Kingsbridge has expanded, but is still torn by polarised
families and its usual villains and heroes, that being exacerbated by the
outright war between Catholics and Protestants, which thwarts, in true
Follettesque Romeo & Juliet fashion, the romantic relationship between
protagonists Ned Willard and Margery Fitzgerald. But the cathedral is no longer
a focal point in the story, and Kingsbridge, despite being a returning setting,
is no longer the centre of the story.
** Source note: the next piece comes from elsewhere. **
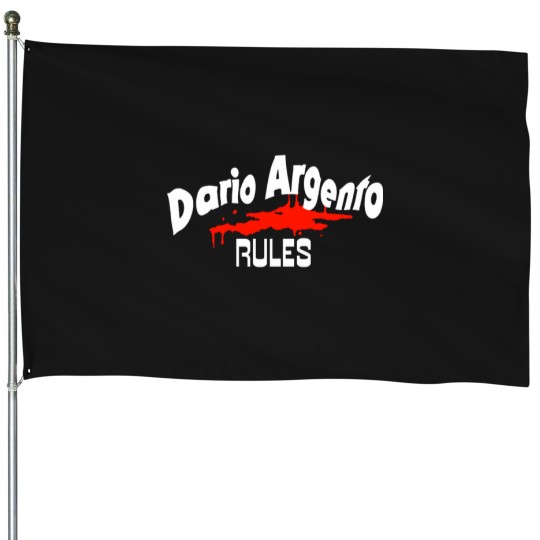 Discover Dario Argento Rules House Flags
A large part is set in France and the
bitter, murderous feuds between Catholics and Huguenots, and the focus is on
Elizabeth I and her network of spies trying to stay in power while Catholics
scheme left, right and centre to get rid of her; Mary Stuart lingers in various
prisons trying to communicate with the outside world, and generally everyone is
constantly under threat of being either a heretic or a traitor, depending on
where the fickle winds of power blow.
Kingsbridge characters play key roles in this epic battle,
and oh do they play them well. The heroes are as deliciously human, flawed and
tormented as the villains are delightfully Waleran/Lady Reganesque, with their
trademark sadistic psychopathy. A group of characters you’ll grow to love
embody the larger conflicts they inhabit in cinematic storytelling, bringing
this turmoiled era home to you like a missile. It’s a cracking historical epic
which you will just devour (it took me less than two weeks) and thoroughly
enjoy once you manage to let go of the idea that this is not attempting to be a
rehash of Pillars. And you’ll probably grow to love it even more once you
re-read it.
Follett truly has outdone himself once again. I bow to thee, master.